Ne reculant devant rien, nous avons envoyé un message à Hervé Berville pour lui demander sa source et il nous a répondu : c’est une étude du cabinet d’audit Ernst & Young datant de septembre dernier et faisant état d’une levée de fonds record au début de l’année pour les « entreprises innovantes ». 1,9 milliard d’euros auraient été récoltés au premier semestre, contre 1,2 à la même époque en 2017, soit une augmentation de 60 % (et pas de 65 %, mais on ne va pas chipoter). Seulement, cette étude assez sommaire est consacrée aux start-up (plus précisément aux « entreprises en phase de création ou durant leurs premières années d’existence ») et non pas à l’ensemble des PME, et elle ne dit pas du tout que l’argent investi provient d’ex-contribuables à l’ISF, ni ne cite la réforme fiscale comme cause de cette hausse. Ernst & Young évoque le Brexit, qui désorganise la place de Londres et rend Paris plus attractif, ou « l’écosystème des start-up » qui s’améliore en France. De plus, ce chiffre de 1,9 milliard doit être contrebalancé par d’autres études qui font état d’une diminution des sommes levées via le financement participatif (- 50 % au premier semestre 2018) et qui l’expliquent justement… par la suppression de l’ISF. L’année dernière, une niche fiscale dite ISF-PME permettait de réduire son impôt en investissant dans une PME. Celle-ci a disparu avec la fin de l’impôt, faisant disparaître cette incitation. Conclusion : on est encore loin de pouvoir conclure que, finalement, Macron a réussi à faire fonctionner la théorie du ruissellement…

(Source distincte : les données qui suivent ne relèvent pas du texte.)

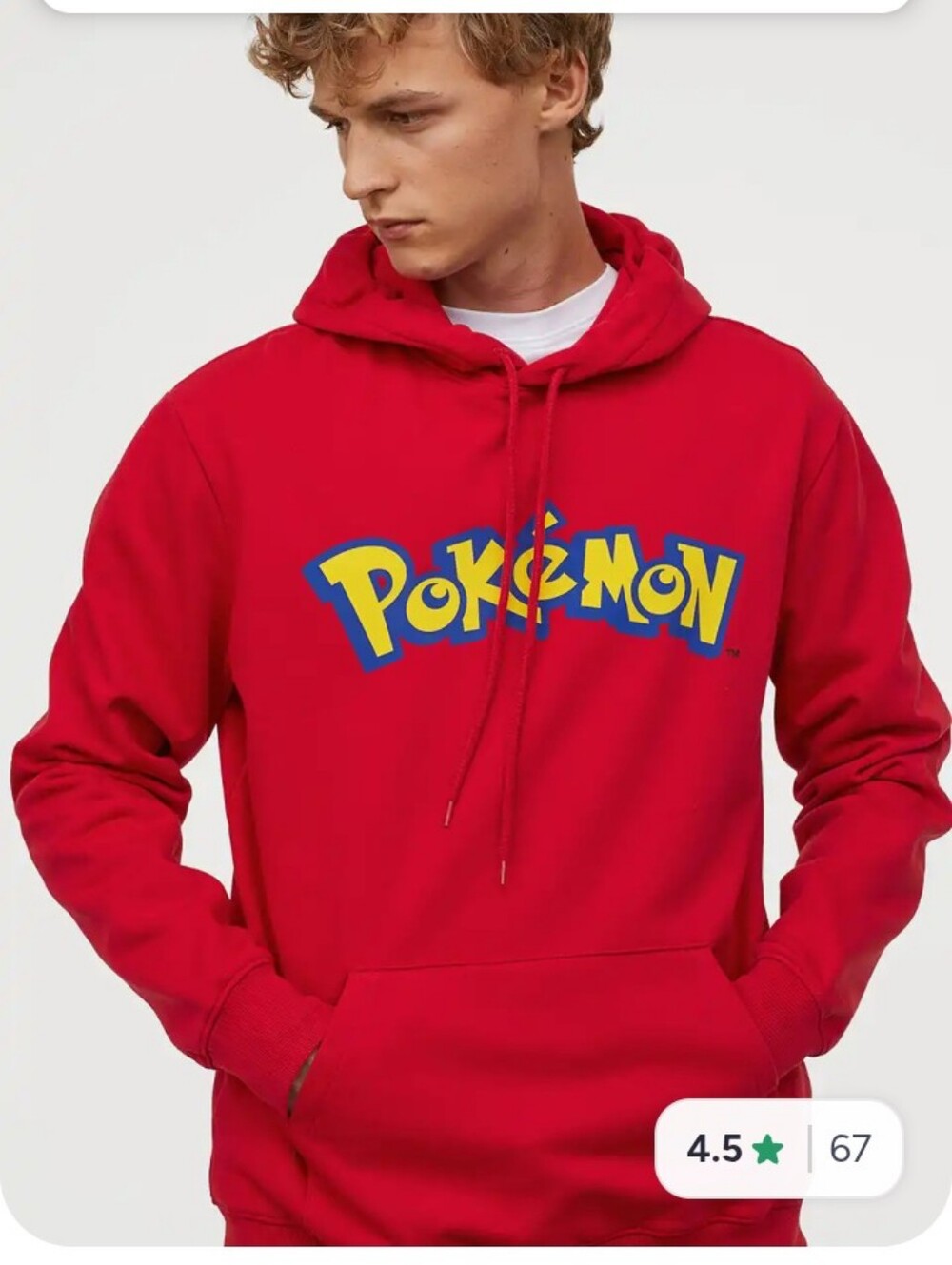 pokemon VTG pikachu red double sided graphic hoodie adult m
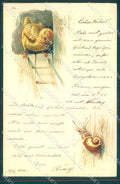 Artist Signed Chick Snail serie 1128 cartolina postcard TW1853 – fronte
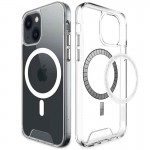 Чехол TPU Space Case с MagSafe для Apple iPhone 15 Plus (6.7") Прозрачный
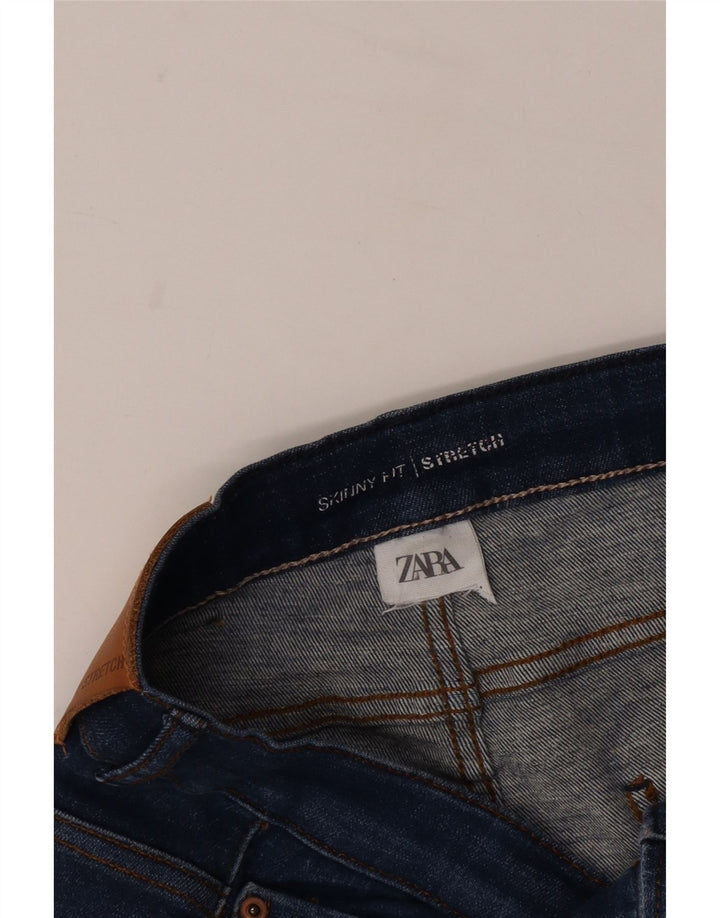Zara Vaqueros Pitillo Mujer W28 L26 Azul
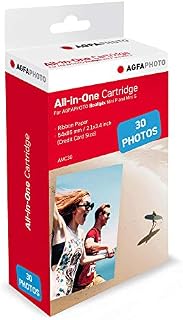 AGFA PHOTO - Cartridge and papers 5.4 x 8.6 cm AMC - Compatible with Realipix Mini S, Realipix Mini P, Kodak Mini Printer 2, Kodak Mini Shot - 30 Photos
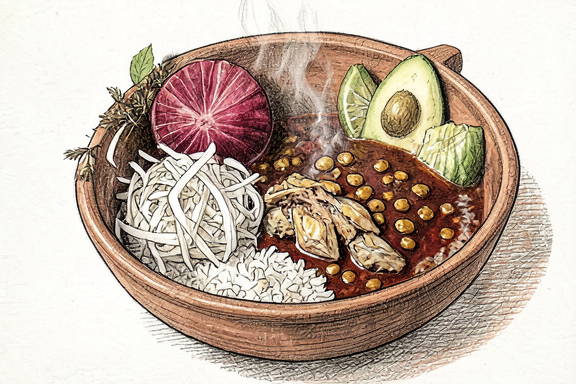Pozole Rojo de Pollo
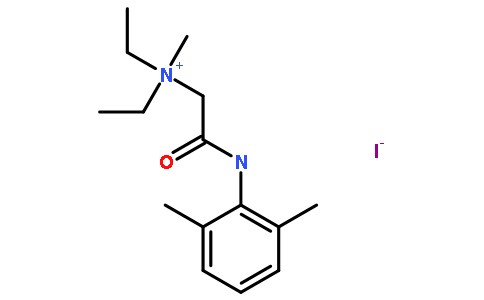 2-[(2,6-二甲基苯基)氨基]-N,N-二乙基-N-甲基-2-氧代乙烷碘化铵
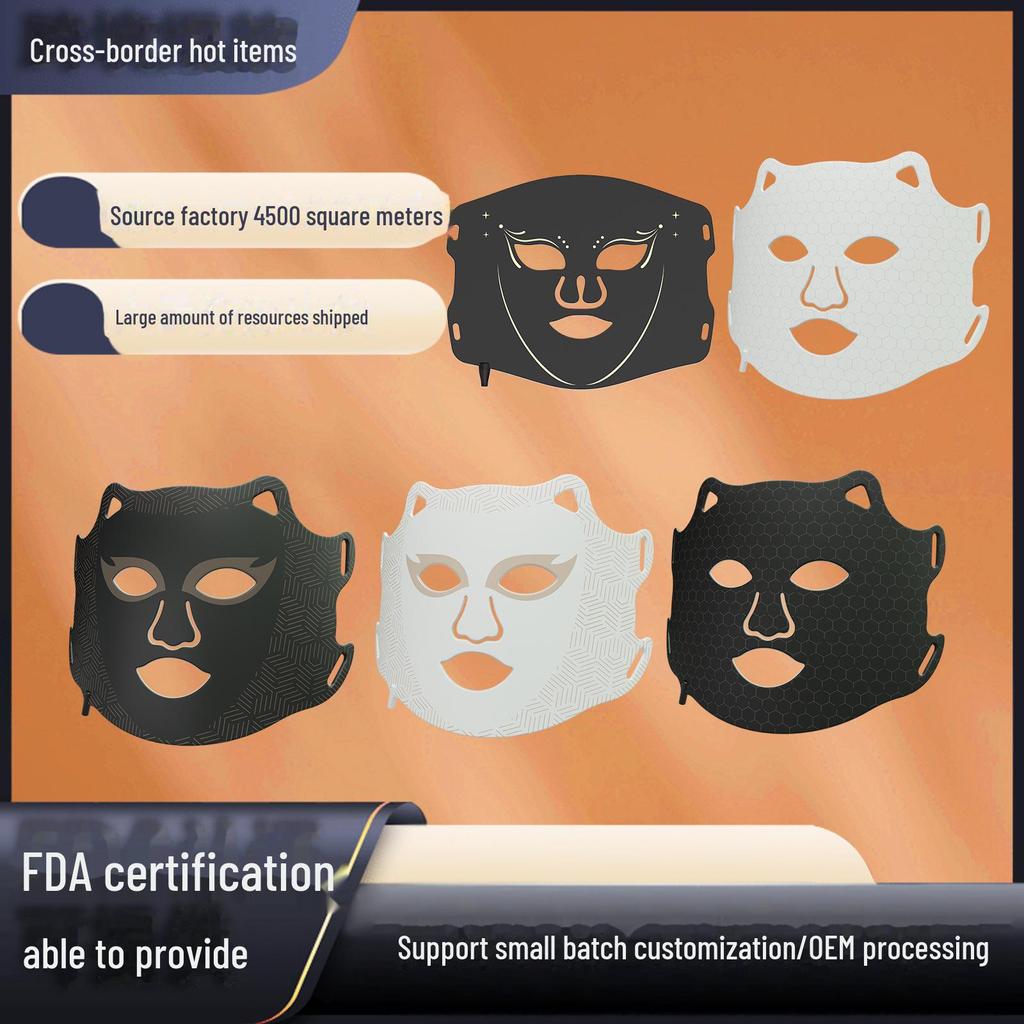 Маска для фотоомоложения кожи: Светотерапия красным/синим светом для салонов красоты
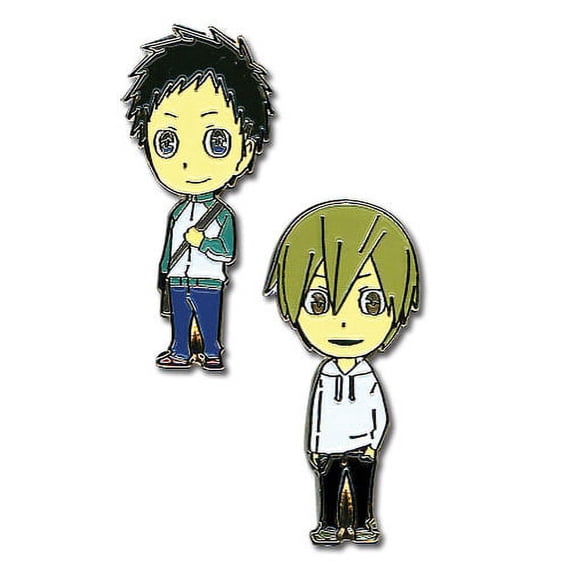 Pin Set - Durarara - New Midado & Masaomi (Set of 2) Anime Licensed ge6816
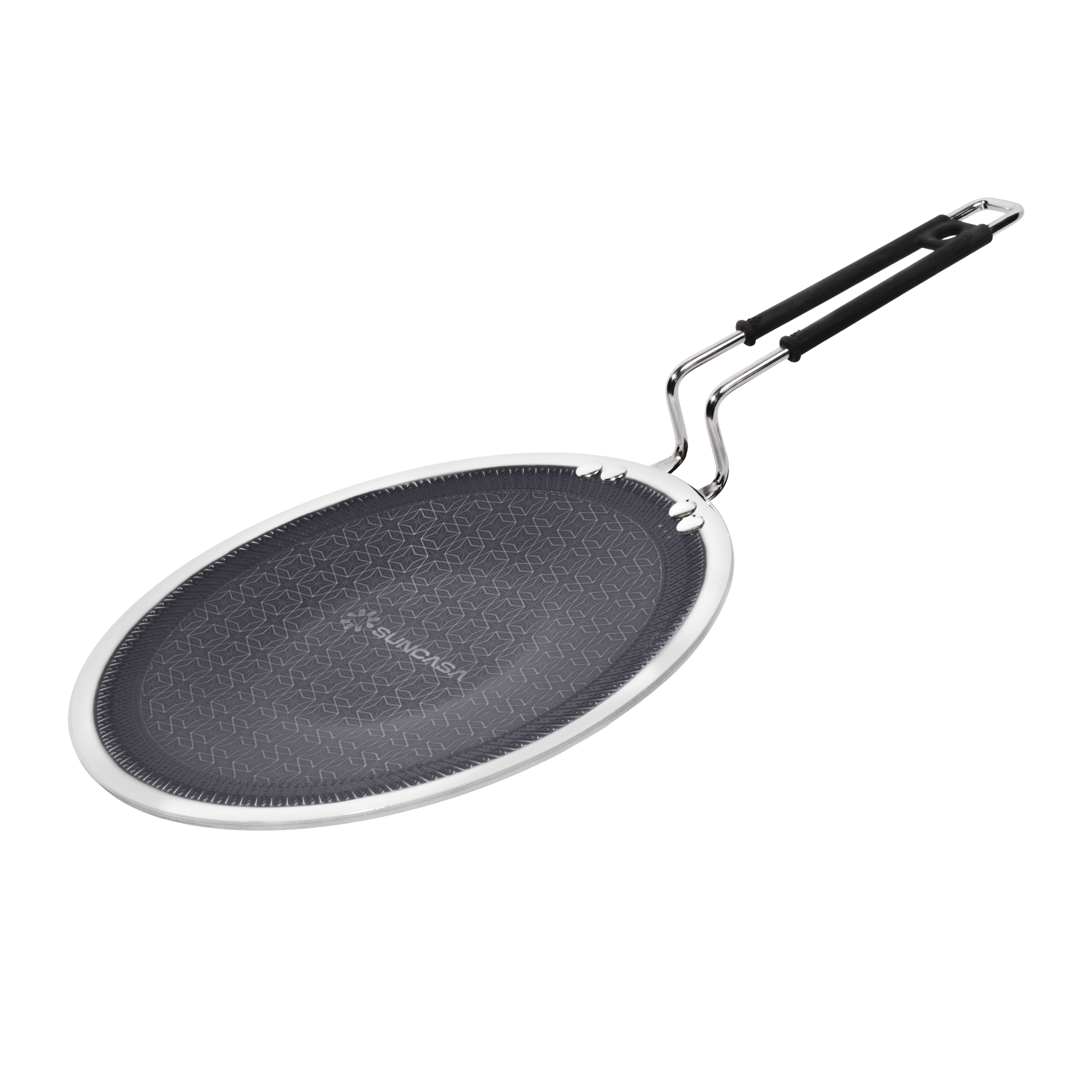 Mitrix Plus Triply with Ceramic Coating Roti Tawa, 25cm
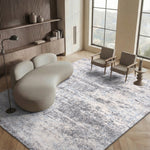 BERBER SHAG 219 – GREY BLUE / CREAM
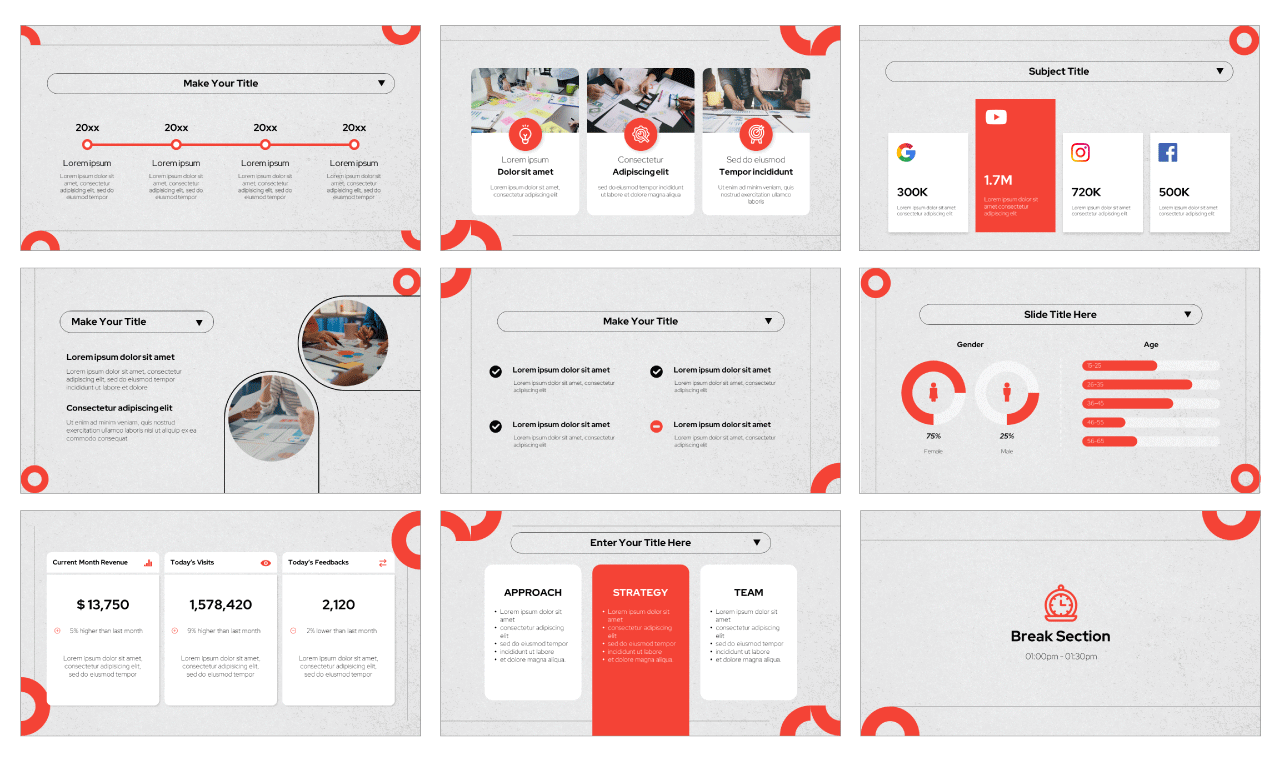 Business Case Report Google Slides Themes PowerPoint Templates
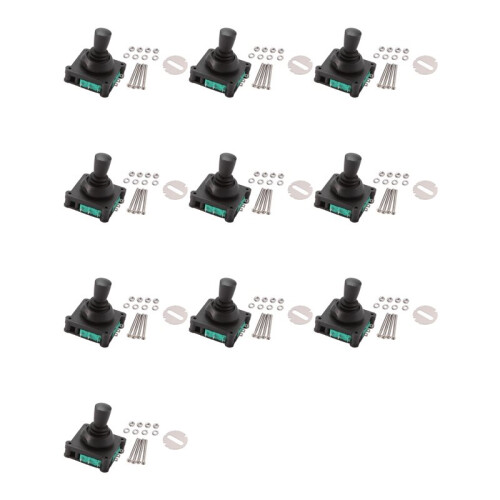 10X Joystick  AC 240V 5A 4NO 4NC Momentary 2.5mm Fixing Thread Joystick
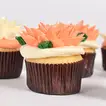 Exquisite Flower Bouquet Cupcakes - Set of 6 Vanilla Delights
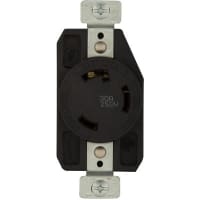 Arrow Hart Ultra-grip industrial receptacle, 30A 250V, 2 pole 3 wire grounding, #16-12AWG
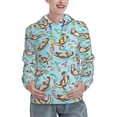 thumbnail image 1 of KLL Cute Otters for Womens Pullover Hoodie with Pocket Hooded Long Sleeve Shirts Sweatshirt for Women-Small, 1 of 7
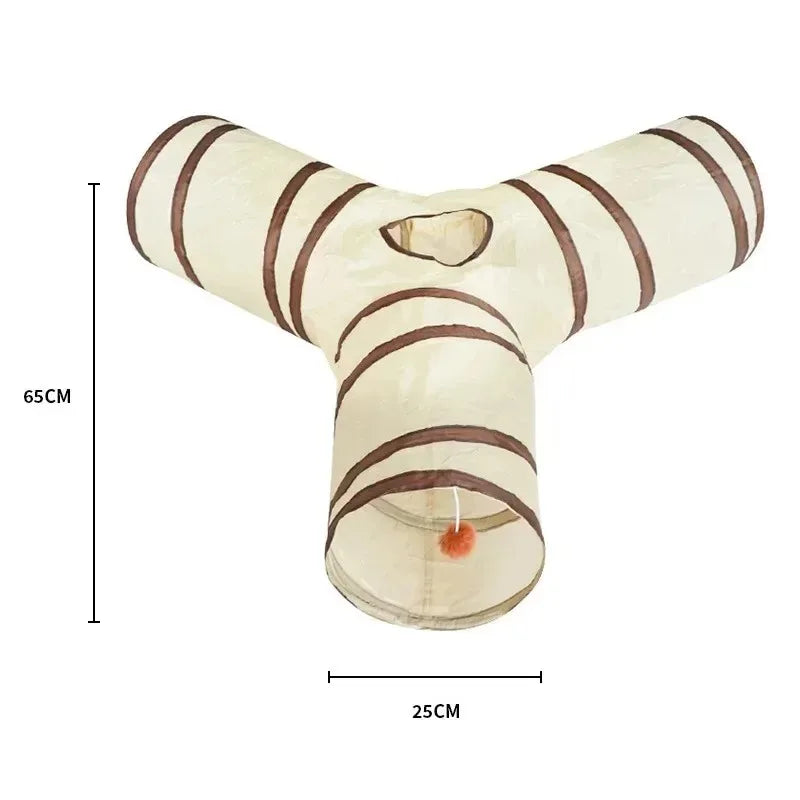 Spieltunnel für Katzen, zusammenklappbar, lang in diversen Formen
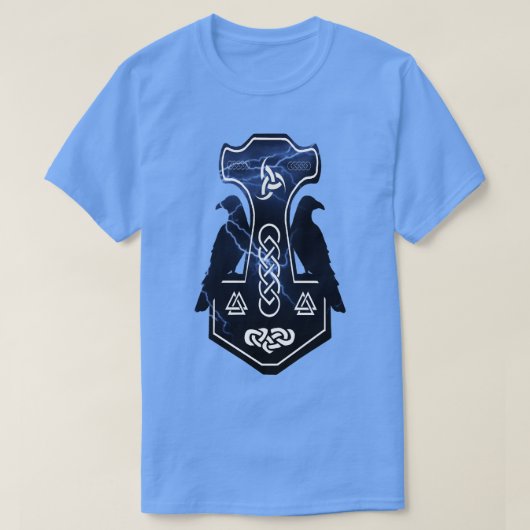 T-shirt Boulon de foudre Thors Hammer (Design devant)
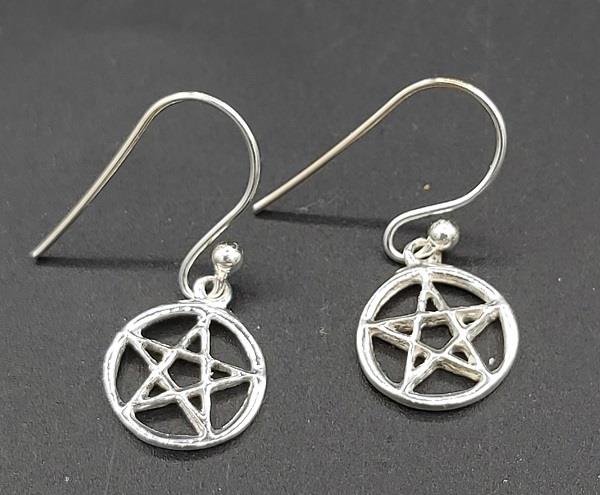 Earrings Pentacle Sterling Silver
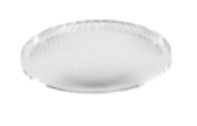 Eurofase Lighting ECO1R02RF1535FFRBK Small Aperture Trumpet Shaped Recessed Downlight With Black Mount Ring, CCT 3500K, White Frosted Diffusers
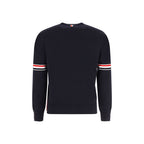 Thom Browne Blue Cotton Sweatshirt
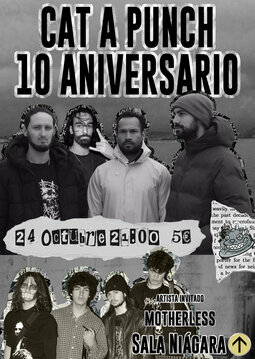 Cat A Punch celebra su décimo aniversario en Sala Niágara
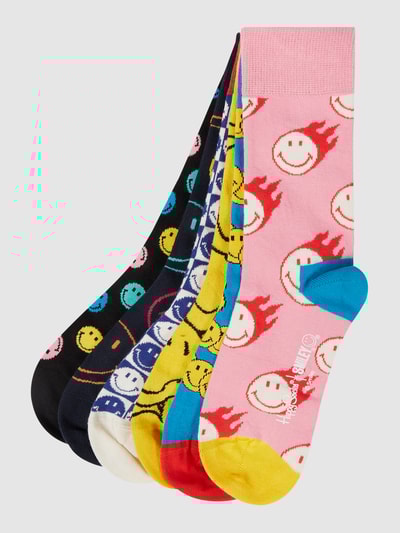 Peek & Cloppenburg Happy SocksSocken im 6er-Pack mit Smiley®-Muster in gelb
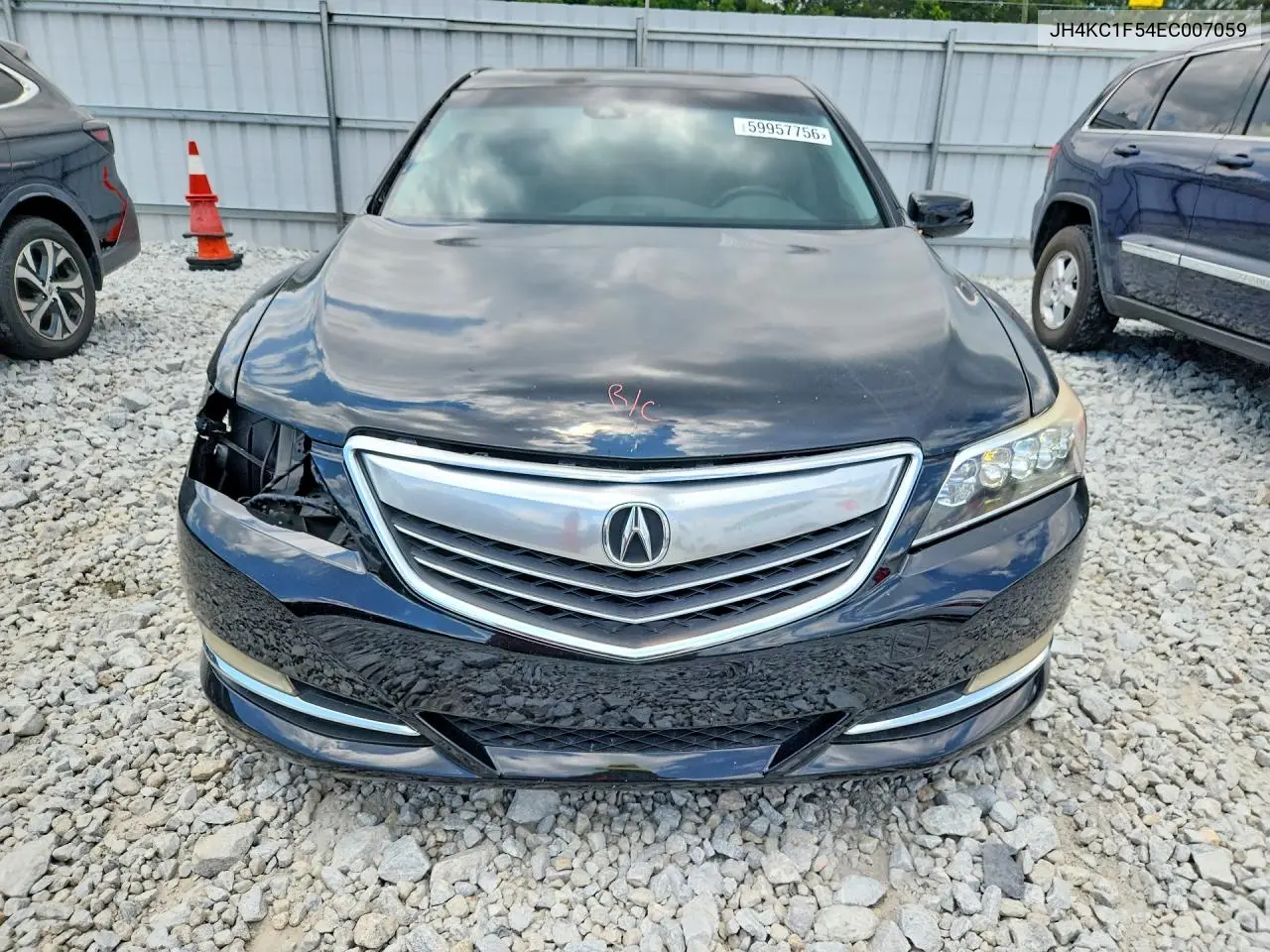 2014 Acura Rlx Tech VIN: JH4KC1F54EC007059 Lot: 59957756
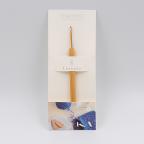 Бамбуковый крючок 2.25х13см с рифленой ручкой Koshitsu, KA Seeknit, 05181-3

De toute façon, la majorité se garde bien de dire qu’elle a réussi son pari. Pour revenir au débat sur France 2 de ce dimanche soir, il y a un autre moment qui mérite d’être rappelé. Après avoir sorti son 65 %, Gabriel Attal avait été interrompu par l’économiste Thomas Piketty (opposé à la suppression de l’ISF), qui lui avait renvoyé le chiffre dans la figure avec un cinglant « soyez prudent avec cette évaluation qui ne veut rien dire ». Le secrétaire d’État avait alors conclu, pas téméraire : « On a mis en place une mesure, qu’on évalue pendant le quinquennat. » Et c’est pour cela que tous les économistes peuvent remercier la macronie : depuis un an, elle a mis en place une évaluation géante qui va permettre de définitivement trancher sur la « théorie du ruissellement ». Elle aurait quand même pu nous prévenir que les cobayes, c’était nous.